Today wallpapers are not the papers of your grandmother. Today they are sturdy. They can be washed and scrubbed, can withstand the tortures of sunlight without dramatic fading, and the colors and patterns cover the entire spectrum. The only real exceptions are costly hand printed papers.
As for those few that hate wallpaper, it is my belief that secretly they really do like it, but they have had a bad experience with it in the past. Those bad experiences can vary, but most come down to one of two things. The paper starts peeling at the seams and edges, or it won’t come off at all. Both of these problems usually come down to one simple issue, and that is improper installation. If you just don’t feel you are up to the task of installing paper yourself, by all means, contact a professional.
However, if you are looking for a DIY project that won’t take too much of your time, following a few simple tips will make a huge difference in how well your wallpaper performs.
The first step is preparing your walls correctly. Start by spackling and sanding just as you would if you were preparing to paint. Then prime the walls with a primer/sealer. Once the primer has had time to properly cure, use a level to make a light pencil mark, top to bottom, where each strip will be installed.
Start by cutting all of your strips to the size needed, allowing for pattern match and an additional four inches on each end.
For most papers, use a premixed “clear hang” wallpaper adhesive. Apply the adhesive with a roller, instead of a brush. This will help you spread it more evenly and quickly. Apply the adhesive to the back of one half of the strips and allow it to cure according to the adhesives instructions.
To make the strip more manageable, professional installers then “book” each strip by lifting the end with the past gently bringing it to the center of the strip, being careful not to crease the paper where it folds. Basically you are folding the paper so that the glue is enclosed inside the paper. Then glue and book the other half of the strip. By doing this you will give yourself 10-15 minutes to hand the strip before the glue begins to dry.
Take the first strip to the wall and unfold the upper half of the paper and carefully align it to the pencil mark you put on the wall earlier, over lapping the crown molding or ceiling with the four inches you added to allow for irregularities at the ceiling.
Smooth the paper into place with your hands starting at the top and working outward and down until you reach the halfway point, where you will need to unfold the lower half and continue smoothing the bottom half.

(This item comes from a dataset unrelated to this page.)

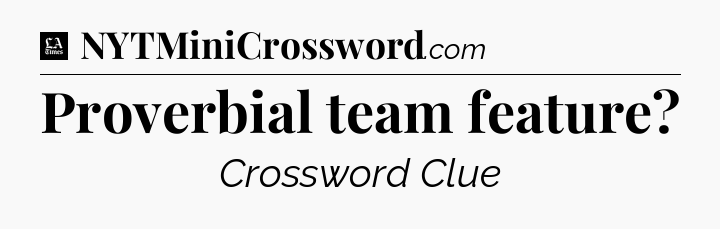 Proverbial team feature - LA Times Crossword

Using a wide scraper and a sharp utility knife, trip off the excess along the ceiling and floor. Flatten any wrinkles with a plastic smoother. Continue installing the remaining strips in the same manner being careful to match any pattern. When you reach a corner, don’t be tempted to crease the paper into the corner and continue with the same strip onto the next wall. Paper bent around a corner, rarely sticks well. Instead, continue the paper only about ¼ inch beyond the corner. Overlap this ¼ inch with the next strip of paper, again making sure to match pattern. This works with both inside and outside corners.
When you are finished, don’t panic if you see an air bubble or two that you didn’t quite get smoothed out. Wait for all the glue to dry in the area surrounding the offending bubbles. Then, using an adhesive syringe, available at paint and hardware stores, pierce the bubbles and inject a few drops of adhesive under the paper. Then simply smooth the bubbles down with your fingers.
When the installation of your new paper is complete, whether you did it yourself or hired a professional, you will be glad you gave wallpaper another chance.